Items from a dataset:
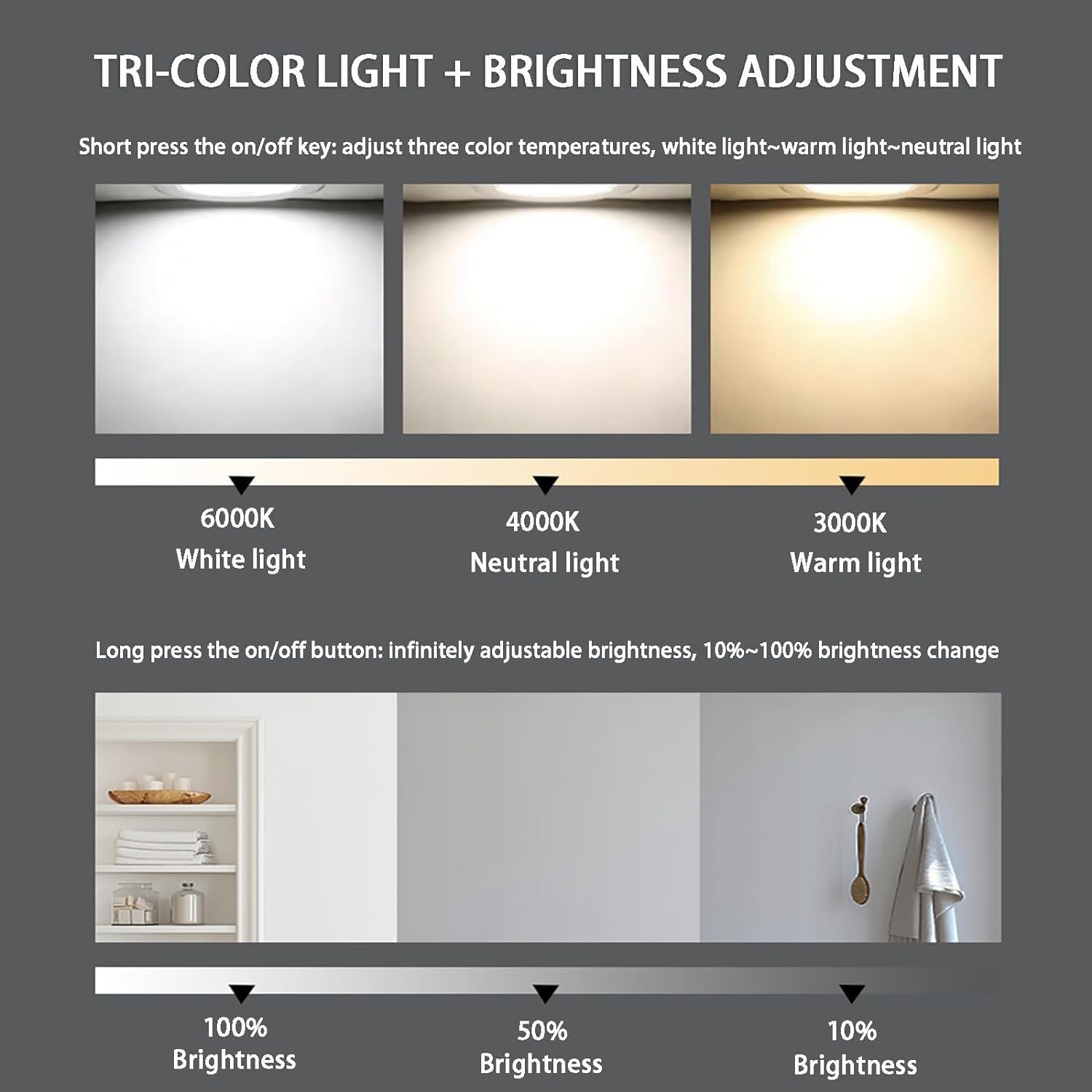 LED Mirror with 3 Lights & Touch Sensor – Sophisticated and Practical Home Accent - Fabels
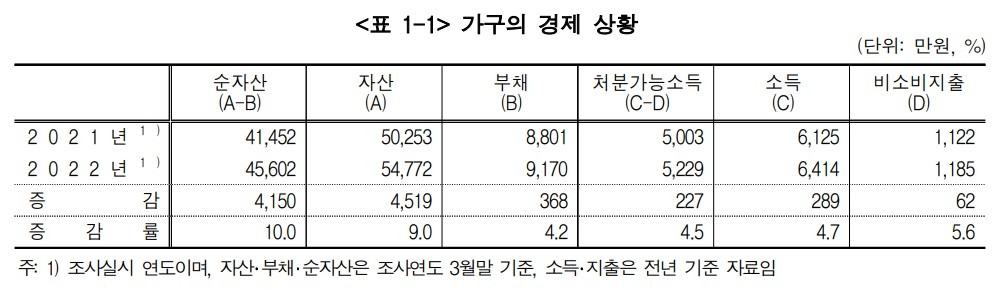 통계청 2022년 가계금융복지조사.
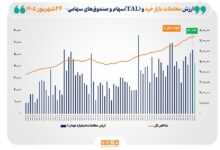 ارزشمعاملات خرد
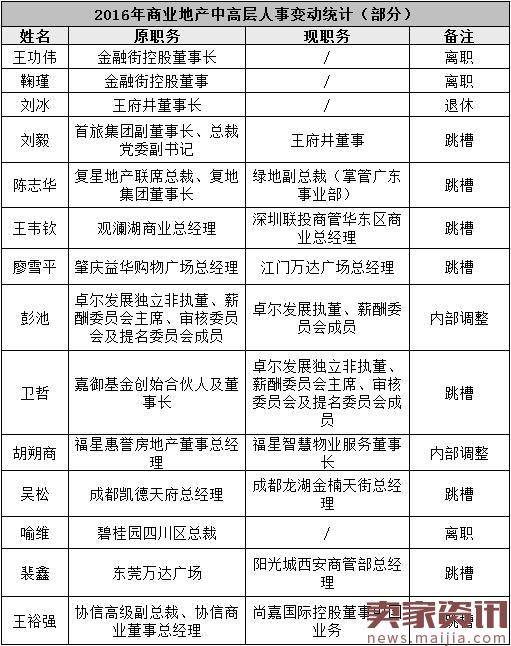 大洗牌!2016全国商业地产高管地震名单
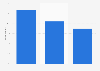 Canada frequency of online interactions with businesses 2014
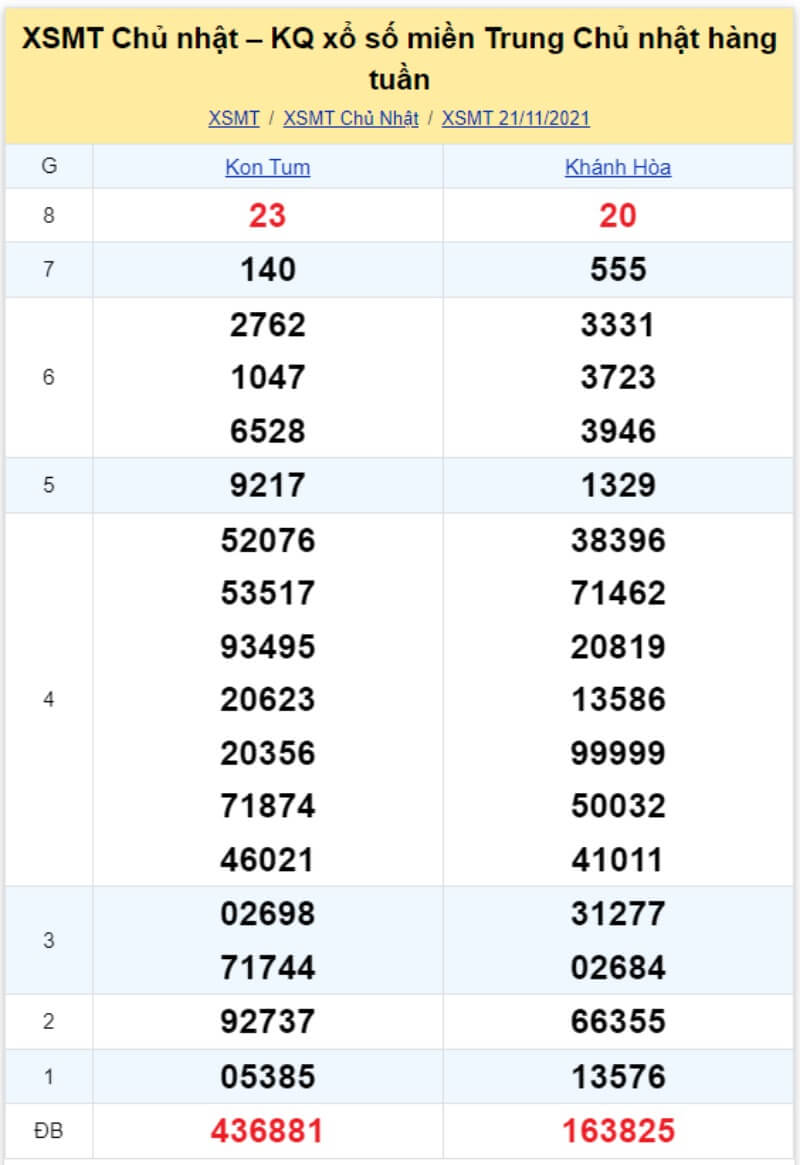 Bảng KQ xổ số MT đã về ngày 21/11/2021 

* Task objective *
Leave the images aside and return the records above exactly as written.

* Reply *
 LED Mirror with 3 Lights & Touch Sensor – Sophisticated and Practical Home Accent - Fabels
 통계청 2022년 가계금융복지조사.
 ارزشمعاملات خرد
 大洗牌!2016全国商业地产高管地震名单
 Canada frequency of online interactions with businesses 2014
 Bảng KQ xổ số MT đã về ngày 21/11/2021 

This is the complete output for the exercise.